Last Tuesday after I got off work (2:00 pm), Briseis and I headed into the city to park my car on the Army base right down the street from the Taylor Swift concert – before the area became gridlocked because of the concert and rush hour, and for free – and then met up with Shannon a few Metro stops away to explore the National Postal Museum, which means this isn’t technically a field trip that we took on a Friday, but since I’m posting about it on a Friday I’ve decided that it can borrow the title and not be a fraud.

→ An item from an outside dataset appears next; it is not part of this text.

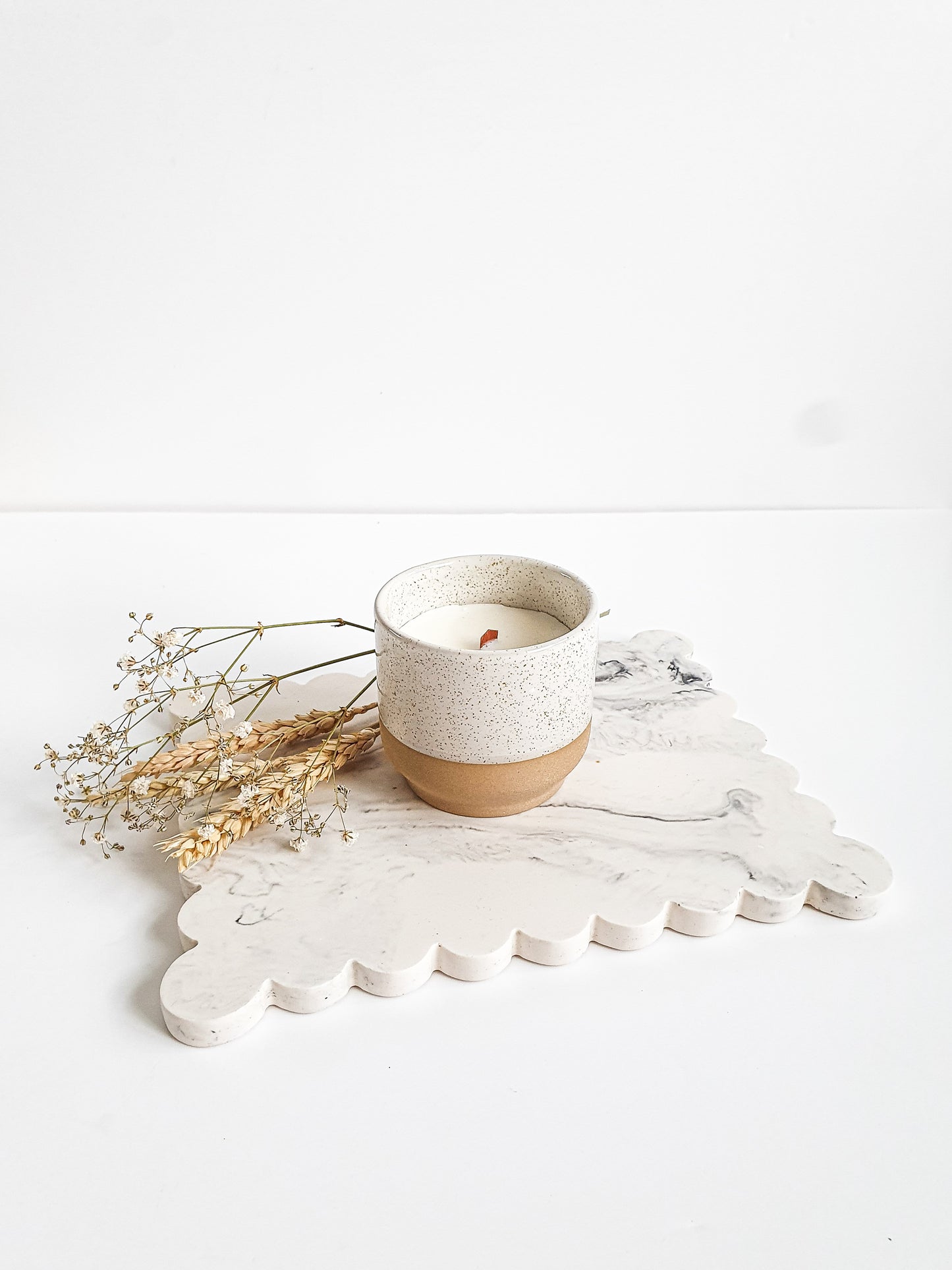 YESOstudio Elegant Scallop Rectangular Decorative Tray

So yeah. The National Postal Museum. Sounds kind of lame, right? Going into it even I was a little “meh,” and that’s notable because the mail is one of my favorite things ever. Srsly. I’m a grown ass woman that still hand-writes letters to pen pals (so do my kids!), and getting the mail is my favorite time of the day (I freak the fuck out if anyone else does it, especially if they do so without asking). Even still, I did have overly high hopes for this place, especially after the disappointment of the Building Museum a few weeks back. BUT. Turns out: The National Postal Museum is one of the coolest fucking museums I’ve ever been to. Maybe even my favorite. Absolutely unexpectedly amazing.
That bright blue mailbox ↑ is from The Vatican!!
The National Postal Museum is housed in “the” Old Post Office – not the one right downtown across from FBI headquarters that’s being turned into a hotel by Donald Trump, but the one in Northeast literally right across the street from Union Station. We entered on street level, which is actually the top level of the musé.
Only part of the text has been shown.